# Ewhurst Brickworks, Surrey - March 2017



## Brewtal (Mar 27, 2017)

I have been driving past this place for the last 3 years and it has taken me this long to actually hop over the fence and have a look around. I had planned to visit somewhere much further afield but after a last minute request from a mate to help with something I shelved that one for a later date. I was in the area and had my camera so thought why the hell not.

Some history from derelictmisc.org.uk

"Clay extraction for brickmaking began at Ewhurst Works c.1945 under A. Hone & Sons, though many of the buildings on site (including the kilns) are later than this, having been erected in the 1960s. The small works comprised sand and additive hoppers, factory buildings, four drying tunnels, a Nissen hut canteen and seven intermittent downdraught kilns connected by underground flues to a central smokestack. A 2' gauge tramway brought clay from a small pit to the south.

The works closed c.1977 and by the early 1990s had become a haven for wildlife, home to bats, foxes, deer and owls. It was here that I first experienced derelict spaces, c. 1995 and I found plenty here to hold my interest: trees sprouting up through cracks in the roofs, coats still hanging up in the canteen, the last load of bricks still in the kilns and unidentifiable machinery slowly rusting into the ground. In 2004, however, the main factory roof collapsed and diggers were brought in to clear the wreckage, also demolishing the canteen and sand hoppers, thus opening for the first time large areas of the site to become a canvas for graffitists who covered them in bright murals and tags. Since then, although several plans have been raised for dealing with the redundant site, none have come to fruition. Once again nature is colonising the bare concrete and for the most part Ewhurst Brickworks is being left to its own devices."


It was a nice lazy wander, I didn't think I'd have long there as it looked like it could start raining at any moment but it held off until the drive home. It isn't the most spectacular place, a lot of the good parts are long gone, but I liked the contrast between the bright colours of the graffiti and the dull grey sky. I would love to come back here in 10 years time and see how nature reclaims this place.

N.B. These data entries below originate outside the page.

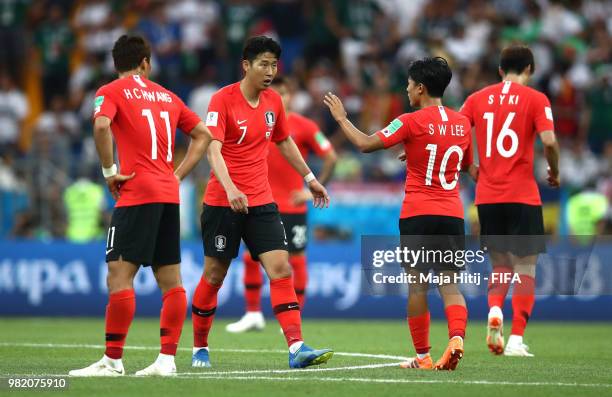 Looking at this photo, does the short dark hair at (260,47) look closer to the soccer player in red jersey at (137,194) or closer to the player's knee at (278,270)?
the soccer player in red jersey at (137,194)

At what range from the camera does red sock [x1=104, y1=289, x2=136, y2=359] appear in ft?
27.6

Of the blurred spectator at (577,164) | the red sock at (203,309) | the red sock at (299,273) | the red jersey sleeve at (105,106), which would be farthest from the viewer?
the blurred spectator at (577,164)

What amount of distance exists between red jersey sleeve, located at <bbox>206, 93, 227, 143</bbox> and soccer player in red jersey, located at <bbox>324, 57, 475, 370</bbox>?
0.86 metres

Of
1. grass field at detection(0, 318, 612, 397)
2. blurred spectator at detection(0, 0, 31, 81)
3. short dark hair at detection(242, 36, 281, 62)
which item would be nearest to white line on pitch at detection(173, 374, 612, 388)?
grass field at detection(0, 318, 612, 397)

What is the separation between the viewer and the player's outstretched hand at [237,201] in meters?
9.05

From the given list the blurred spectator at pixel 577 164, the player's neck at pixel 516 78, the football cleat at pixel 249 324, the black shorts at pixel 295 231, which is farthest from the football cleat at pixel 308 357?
the blurred spectator at pixel 577 164

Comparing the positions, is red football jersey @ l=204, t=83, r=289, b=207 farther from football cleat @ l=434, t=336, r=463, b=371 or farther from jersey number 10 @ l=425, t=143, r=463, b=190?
football cleat @ l=434, t=336, r=463, b=371

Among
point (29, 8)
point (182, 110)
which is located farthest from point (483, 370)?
point (29, 8)

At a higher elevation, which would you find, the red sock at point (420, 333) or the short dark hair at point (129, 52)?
the short dark hair at point (129, 52)

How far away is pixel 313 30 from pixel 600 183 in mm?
7025

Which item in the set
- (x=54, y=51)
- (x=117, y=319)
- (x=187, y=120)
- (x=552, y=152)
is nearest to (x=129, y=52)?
(x=187, y=120)

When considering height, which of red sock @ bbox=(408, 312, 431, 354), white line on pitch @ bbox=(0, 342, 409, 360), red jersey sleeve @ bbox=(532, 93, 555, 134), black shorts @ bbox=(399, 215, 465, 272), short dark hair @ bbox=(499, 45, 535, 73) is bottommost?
white line on pitch @ bbox=(0, 342, 409, 360)

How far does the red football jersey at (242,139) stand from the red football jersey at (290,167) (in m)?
4.05

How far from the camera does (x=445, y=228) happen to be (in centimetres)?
925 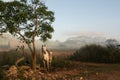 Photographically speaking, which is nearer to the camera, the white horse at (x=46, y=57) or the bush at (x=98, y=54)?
the white horse at (x=46, y=57)

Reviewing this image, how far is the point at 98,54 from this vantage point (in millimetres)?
30391

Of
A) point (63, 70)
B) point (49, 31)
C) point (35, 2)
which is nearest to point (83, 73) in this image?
point (63, 70)

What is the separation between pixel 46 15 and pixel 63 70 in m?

I couldn't resist taking a one like this:





Thanks for looking!


----------



## Mikeymutt (Mar 27, 2017)

I enjoyed that mate.even though it's smashed up and full of graffiti.it adds to it


----------



## Gromr (Mar 27, 2017)

I do quite like this. Yeah its a ruined mess, but its pretty cool. The colourful graffiti is rather cool in the context of it tbh.


----------



## mockingbird (Mar 27, 2017)

Agree with Mikey graffiti adds to it  good report mate


----------



## darbians (Mar 27, 2017)

Last ones a cracker.


----------



## HughieD (Mar 28, 2017)

Great images Brewtal. Love the tension between nature reclaiming the site and the graff.


----------



## smiler (Mar 28, 2017)

Nice One, I enjoyed it, Thanks


----------



## prettyvacant71 (Mar 29, 2017)

The bright urban graff really contrasts with the natural surroundings, I really like the look of this place with the Silver Birch trees springing up around the kiln.

The moody sky adds to the atmosphere, well captured indeed


----------